Monturiol’s socialist comrades donated money to manufacture the Ictineo and, in 1859, the submarine was launched in Barcelona’s harbor. The crew was made up of the boat-builder, a business partner of Monturiol, and the inventor himself. Certain problems were detected in the first dive, having to do with the iron nails used to attach the copper sheathing. This was soon remedied and, over the next three years, the Ictineo made fifty successful dives. But, in 1862, it was crushed by another ship in Barcelona harbor.

Now Monturiol designed a second submarine, the Ictineo II, that was larger and capable of reef exploration and other difficult underwater tasks. The large ship was too slow when propelled by a hand crank, so Monturiol designed to install a steam engine. He devised an ingenious method of combining zinc, manganese dioxide, and potassium chlorate for  a reaction that gave off enough heat to fire the boiler and produced oxygen as a by-product. This was the first modern submarine. The Ictineo II was tested successfully and demonstrated to be a capable vessel.

Ictineo II ready for launch (Barcelona Maritime Museum)

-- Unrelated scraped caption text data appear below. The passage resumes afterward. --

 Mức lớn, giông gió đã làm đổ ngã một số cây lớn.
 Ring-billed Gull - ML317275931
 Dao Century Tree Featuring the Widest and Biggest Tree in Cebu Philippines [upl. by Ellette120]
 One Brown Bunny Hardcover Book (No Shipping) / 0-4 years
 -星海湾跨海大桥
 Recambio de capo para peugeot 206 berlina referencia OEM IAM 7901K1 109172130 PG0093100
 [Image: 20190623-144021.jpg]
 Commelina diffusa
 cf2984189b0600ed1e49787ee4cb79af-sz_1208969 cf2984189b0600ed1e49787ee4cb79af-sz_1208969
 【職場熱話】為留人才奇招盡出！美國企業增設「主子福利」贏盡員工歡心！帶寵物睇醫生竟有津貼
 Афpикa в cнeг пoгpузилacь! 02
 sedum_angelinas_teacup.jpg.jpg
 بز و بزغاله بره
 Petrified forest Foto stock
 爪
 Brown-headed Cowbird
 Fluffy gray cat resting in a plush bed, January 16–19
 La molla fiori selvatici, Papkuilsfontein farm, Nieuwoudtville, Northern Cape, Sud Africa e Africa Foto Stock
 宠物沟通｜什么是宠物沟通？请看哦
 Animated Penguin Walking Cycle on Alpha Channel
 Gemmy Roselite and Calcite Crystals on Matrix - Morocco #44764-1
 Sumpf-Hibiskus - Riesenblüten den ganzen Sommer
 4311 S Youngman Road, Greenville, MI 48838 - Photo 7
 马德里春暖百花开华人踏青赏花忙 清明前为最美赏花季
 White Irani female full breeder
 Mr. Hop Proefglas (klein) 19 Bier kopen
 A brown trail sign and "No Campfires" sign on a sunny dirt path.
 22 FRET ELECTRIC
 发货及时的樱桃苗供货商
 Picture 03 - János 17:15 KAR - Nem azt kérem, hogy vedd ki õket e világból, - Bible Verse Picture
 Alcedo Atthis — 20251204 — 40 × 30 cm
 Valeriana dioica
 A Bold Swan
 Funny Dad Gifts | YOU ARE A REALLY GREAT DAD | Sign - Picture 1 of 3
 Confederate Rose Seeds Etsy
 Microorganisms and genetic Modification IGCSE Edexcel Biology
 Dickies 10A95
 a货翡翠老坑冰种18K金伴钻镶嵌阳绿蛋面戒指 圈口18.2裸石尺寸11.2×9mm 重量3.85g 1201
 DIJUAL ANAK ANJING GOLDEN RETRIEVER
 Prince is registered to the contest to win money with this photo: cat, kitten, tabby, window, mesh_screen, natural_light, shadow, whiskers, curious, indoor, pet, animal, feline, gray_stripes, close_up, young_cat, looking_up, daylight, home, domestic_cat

But Monturiol had exhausted the cash that he could raise from his friends and sought major investment. He tried to float a stock issue and to interest the Spanish government in a warship, the Ictineo III, which would have a crew of 250 and was armed with a huge ram. This ship never got off the drawing board. In 1869, the Ictineo II was seized by Monturiol’s creditors. The only part of the ship they thought of value was its steam engine, so they tore the vessel apart to get at the engine. One creditor hung the Ictineo‘s portholes in his bathroom

Monturiol built no more submarines but he invented a great many other items. The only one that brought any money to his family was a cigarette-rolling machine and even the proceeds from that device were largely stolen from him. Like many creative geniuses, he was unable to translate his work into money. “I don’t know how to do business, nor do I know how to win men over so that they will come to my aid,” he said. One Monturiol invention that was never funded was a sewing machine, a device that might have made him a fortune.

Monturiol Memorial in Barcelona (via

Even so, Monturiol was a man much admired in Catalonia. Songs and poems were written about him and his work and people were proud that he was Catalan. In 1873, during a brief republican period, Monturiol was elected as the Catalan deputy to the national assembly. On arriving in Madrid, Monturiol discovered that the new government was facing problems turning out stamps. There was no way to dry the glue on the back and drying machines would take months to procure. Monturiol sat down with the press workers and quickly they devised a device to dry the sheets of gummed stamp paper. The First Republic soon fell, however, and the monarchy was restored. 

By 1880, Monturial was reduced to earning a pittance as a clerk. He continued to be involved in large projects, though, such as a scheme to divert water from the Ter River to Barcelona. He died in 1885. Monturial’s friends and political allies announced an event to pay homage to Catalonia’s greatest inventor. The monarchy tried to ban the public event but it was held anyway, a week later. Four years after Monturiol’s death, Spanish naval officials came to understand the value of his submarines and, guided by his designs, built a new vessel that was propelled by electricity. Now the government decided to rehabilitate Monturiol’s memory and he was named a national hero, and is so thought of today. A film about Monturiol was made in 1993 that used replicas of Ictineo I and II. These now are displayed near Barcelona’s harbor.

Matthew Stewart’s Monturiol’s Dream: The Extraordinary Story of the Submarine Inventor Who Wanted to Save the World is hard to find. (A Spanish version may be easier to locate). Two important sources for this article are: an interview with Matthew Stewart about his book and a long article produced by the Technical Institue of Barcelona in 2009, named by the Spanish government as The Year of Monturiol.